3. dSPACE Tools (ControlDesk, TargetLink):
Employed for Hardware-in-the-Loop (HiL) simulations, where actual hardware interacts with virtual models. This enables engineers to efficiently test, verify, and refine automotive software within a safe simulated environment.
4. EB tresos Studio (Elektrobit):
A popular toolchain for the configuration and integration of AUTOSAR Basic Software (BSW) modules. It facilitates the connection of low-level hardware functionalities with high-level automotive applications.
5. DaVinci Developer & DaVinci Configurator Pro (Vector):
These tools assist engineers in designing, configuring, and overseeing AUTOSAR Software Components (SWCs) as well as defining their interactions within the vehicle’s system architecture.

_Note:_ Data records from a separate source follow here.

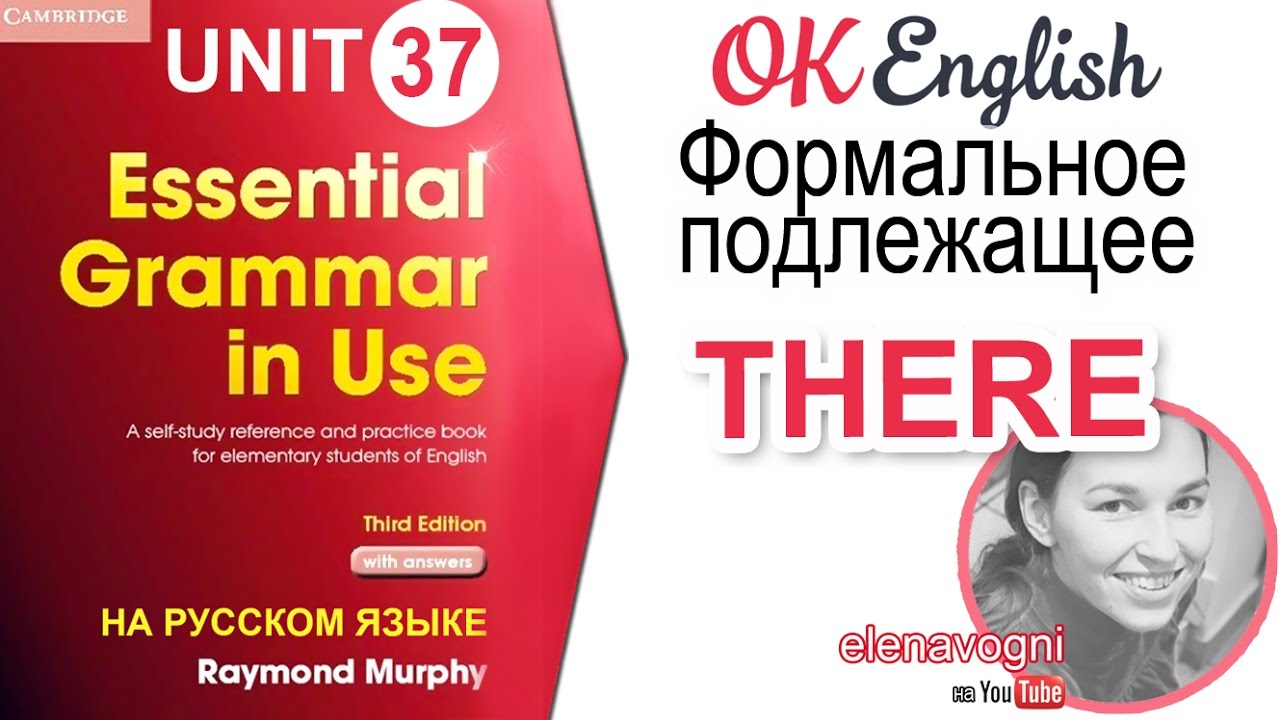 Unit 37 Формальное подлежащее THERE. There is, there are |OK English Elementary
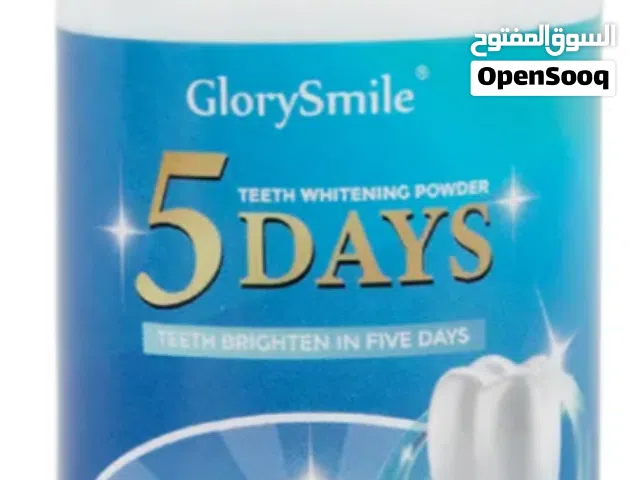 بودرة تنظيف الاسنان بعمق تجزئة وجملة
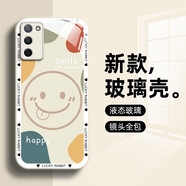 WAIDM OPPOa56手機殼a55s全包a58a57外殼a93s高級a96玻璃a97a36保護套 【玻璃白】BL90調皮的笑臉白 A55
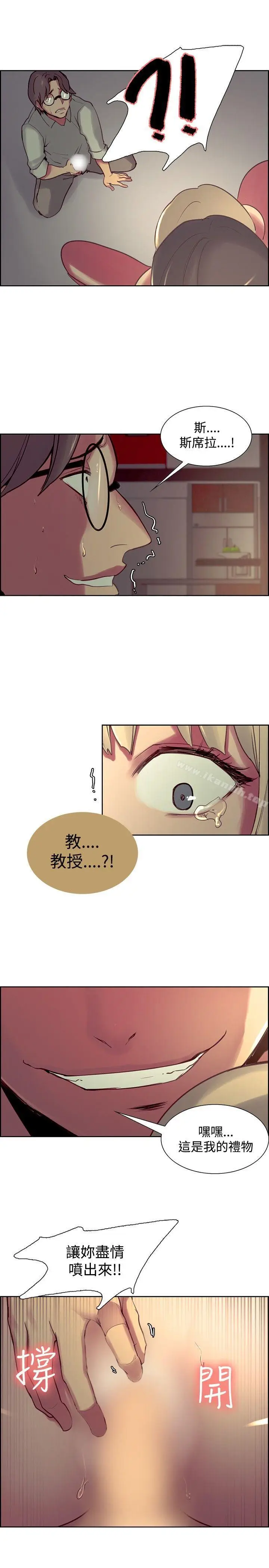 漫画《调教家政妇》第26话第15张图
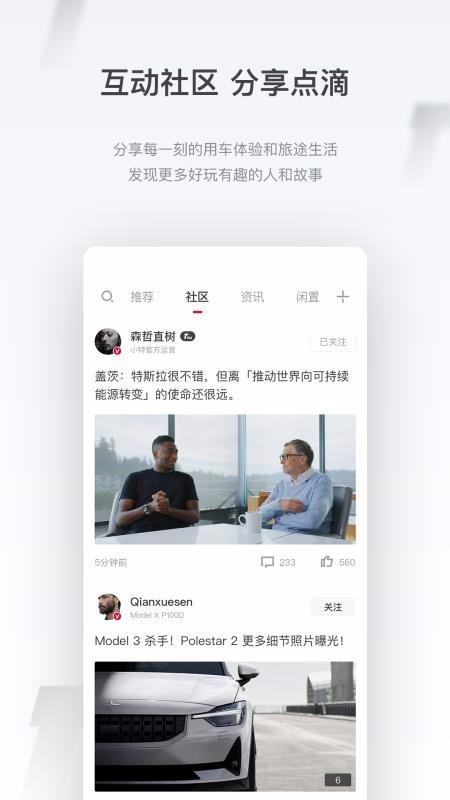 小特app下载,小特安卓版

6. AUTOSAR Authoring Tools (ARXML Editors):
Specialized tools designed for creating and modifying AUTOSAR XML (ARXML) files, which encompass the detailed architecture, data, and interfaces of automotive systems.
7. Embedded C & C++ with MISRA Guidelines:
Proficiency in C and C++ programming is crucial for automotive software development. Engineers must also adhere to MISRA C regulations to ensure safety, reliability, and compliance in essential vehicle systems.
8. RTOS (Real-Time Operating Systems):
A Real-Time Operating System, such as OSEK/VDX or AUTOSAR OS, oversees task management within a vehicle’s software, guaranteeing operations occur at the appropriate times. This is vital for safety and performance in real-time applications.
9. Configuration & Calibration Tools (INCA, CANape):
Utilized for measuring, fine-tuning, and calibrating ECU parameters throughout the development and testing phases, ensuring that the vehicle’s systems function as intended.
10. Version Control & CI/CD Tools (Git, Jenkins, Jira):
These tools support teams in collaborating effectively, managing code versions, and automating the build and testing processes, maintaining organization and progress in AUTOSAR projects.
Challenges:
The rapid advancement of this technology is generating a need for skilled individuals with AUTOSAR expertise. Nevertheless, alongside this demand, certain anticipated challenges arise. Based on our vast experience in AUTOSAR, we have pinpointed two of the most significant recruitment difficulties in the market.
Building Your AUTOSAR Career Path
To be successful as an AUTOSAR developer, it’s essential to do more than just program—you need to grasp the ecosystem of tools, standards, and safety regulations that ensure automotive software is dependable. Proficiency in model-based design using MATLAB, testing with Vector CANoe, and understanding compliance with ISO 26262 are skills that will equip you for the industry.
By becoming adept with these tools, you’ll be ready to contribute to the development of cutting-edge automotive applications, spanning electric vehicles to autonomous driving systems.